I have been working on the blogroll.  If you look at the Brain Cancer” section, you will see that I have added more information about the specific diagnosis, year of diagnosis, country the blog is written from (if not the US), whether the patient is a child, and whether the blog is currently inactive.  I always look at blogrolls seeking new entries for “Cancer Blogs. I look as well for interesting features.  When looking at one blogroll, I noticed that by merely hovering the cursor over the blog name, a window popped up showing the recent entries.  A cool feature, I thought.

So I just installed this nice little tool on my site called Snap Shots that enhances links with visual previews of the destination site, interactive excerpts of Wikipedia articles, MySpace profiles, IMDb profiles and Amazon products, display inline videos, RSS, MP3s,  and photos,

Sometimes Snap Shots bring you the information you need, without your having to leave the site, while other times it lets you “look ahead,” before deciding if you want to follow a link or not.

Should you decide this is not for you, just click the Options icon in the upper right corner of the Snap Shot and opt-out.

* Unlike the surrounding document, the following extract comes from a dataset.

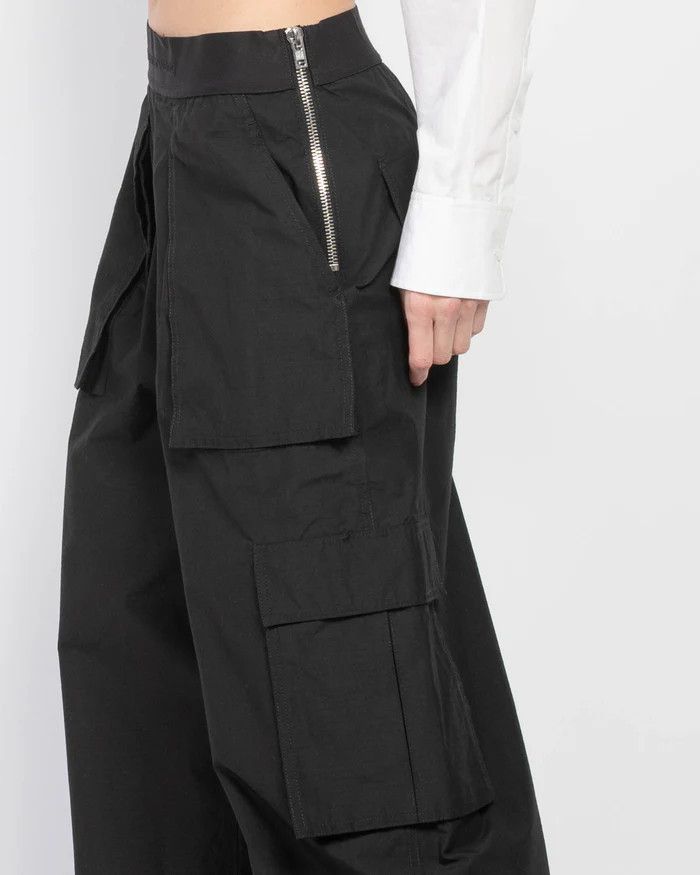 Alexander Wang o1s22i1n0225 Ripstop Cargo Pant in Black Size 27" / US 4 / IT 40 - 3 Thumbnail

I’ll be interested in your feedback on this.


About Dennis Pyritz

Dennis W. Pyritz, RN, BA, BSN, has been a cancer nurse since 1987 and a cancer and bone marrow transplant survivor since 2004. In December 2001 he was diagnosed with t-cell prolymphocytic leukemia (T-PLL), a rare aggressive form of chronic lymphocytic leukemia (CLL). Dennis was treated with the then new monoclonal antibody, alemtuzumab (Campath) as this disease has a median survival of 7.5 months. He achieved a 26 month remission but relapsed in February 2004. He was retreated with Campath and went into a second remission. In August 2004 he underwent an allogeneic peripheral blood stem cell transplant with his brother, Mark, as donor. Dennis has remained in remission since - a near miracle. Throughout his career as cancer nurse and patient, Dennis has had the opportunity to speal to both lay and professional groups. Dennis has spoken on cancer topics and survival issues across the country as well as in the United Kingdom, Norway, Austria, Portugal, Honduras, Panama, Guatemala, Trinidad, United Arab Emirates, Jordan, Cyrpus, Israel, and India.